Mr. Gouri seemed anguished by the lack of any resolution between Palestinians and Jews in the competition over the land, as if the 1948 and 1967 wars had never ended.

When people asked Mr. Gouri how he was, his daughter Hamutal related, he would reply, “I fare as well as my people.”

Mr. Gouri fought a final battle in the fall of 2016, collecting with other former commandos of the Palmach for weekly protests in a forest clearing at Bab al-Wad, known in Hebrew as Shaar Hagai. On the road to Jerusalem, it is where the Palmach fought some of its toughest campaigns.

Their objective was to overturn a government decision to dedicate the site in memory of Rehavam Zeevi, a former Israeli general turned right-wing politician, and to preserve the tradition of their fallen comrades.

Mr. Zeevi, who was assassinated in 2001 by Palestinian militants, had fought with the Palmach but not on the road to Jerusalem. He had been accused of having dealings with criminals and, posthumously, of sexual assault. The government eventually acceded to the group’s demands.

Mr. Gouri was born Haim Gurfinkel in Tel Aviv on Oct. 9, 1923. His parents, Israel and Gila Gurfinkel, had come on a ship from the Black Sea city of Odessa in 1919. The family Hebraized their surname to Gouri at some point. His father, who belonged to Mapai, a precursor of the Israeli Labor Party, was a member of the Knesset, the Israeli parliament, from 1949 until 1965, the year he died.

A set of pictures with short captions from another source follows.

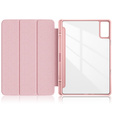 Husă pentru Xiaomi Redmi Pad SE 11", Smartcase Hybrid, cu spațiu pentru stylus, roz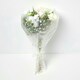 image 4 of Homescapes Artificial White Bouquet of Gerbera Daisies and Daffodils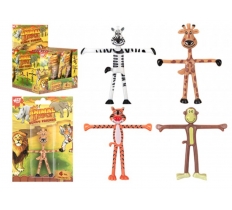 Bendy Wild Animal Friends 4 Assorted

As a young teenager, Haim Gouri moved to Kibbutz Beit Alfa, in northern Israel, to live out his pioneering socialist ideals. He studied at the Kadoorie Agricultural High School at the same time as Yitzhak Rabin, who would become prime minister. Mr. Gouri later studied at the Hebrew University of Jerusalem and the Sorbonne.

In 1952 he married Aliza Becker, who was from Jerusalem. They had first met in 1948 at a hospital when Mr. Gouri was visiting a wounded commander. Ms. Becker, then 18, was an officer there tending to casualties.

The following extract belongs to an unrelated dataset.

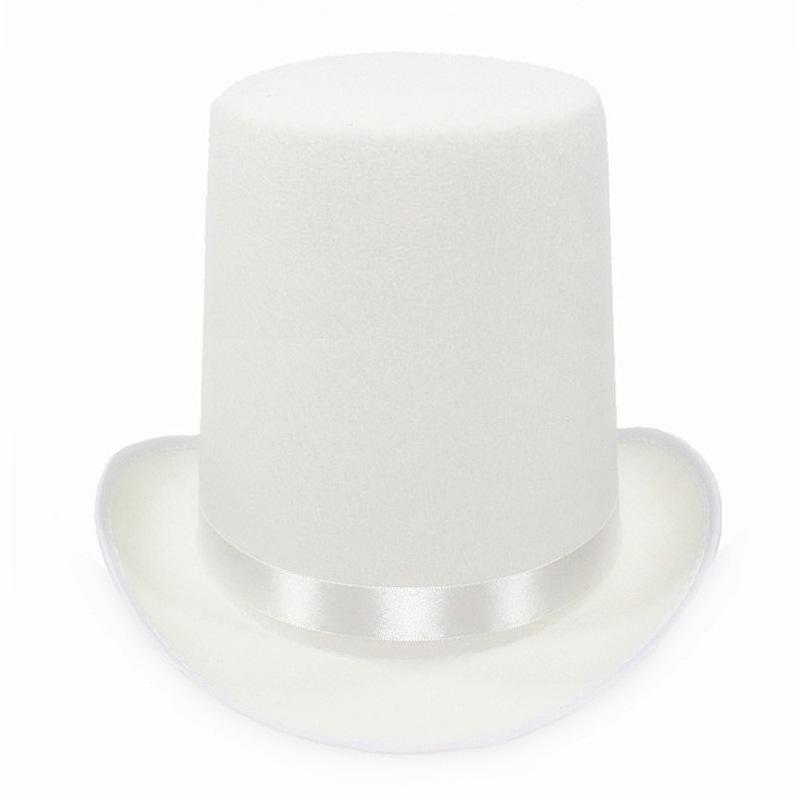 High hat retro British gentleman jazz hat magician hat show sequined hat rain high hat non-woven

Mr. Gouri began his journalistic career writing for left-wing party newspapers before moving on to Davar, a now-defunct Hebrew daily. Besides his daughter Hamutal, he is suffered by his wife; two other daughters, Yael and Noa; and six grandchildren.

Mr. Gouri also wrote poems about love and childhood and, in his later years, his fatality. His last book of Hebrew poems, published in 2015, was titled, “Though I Wished for More of More.”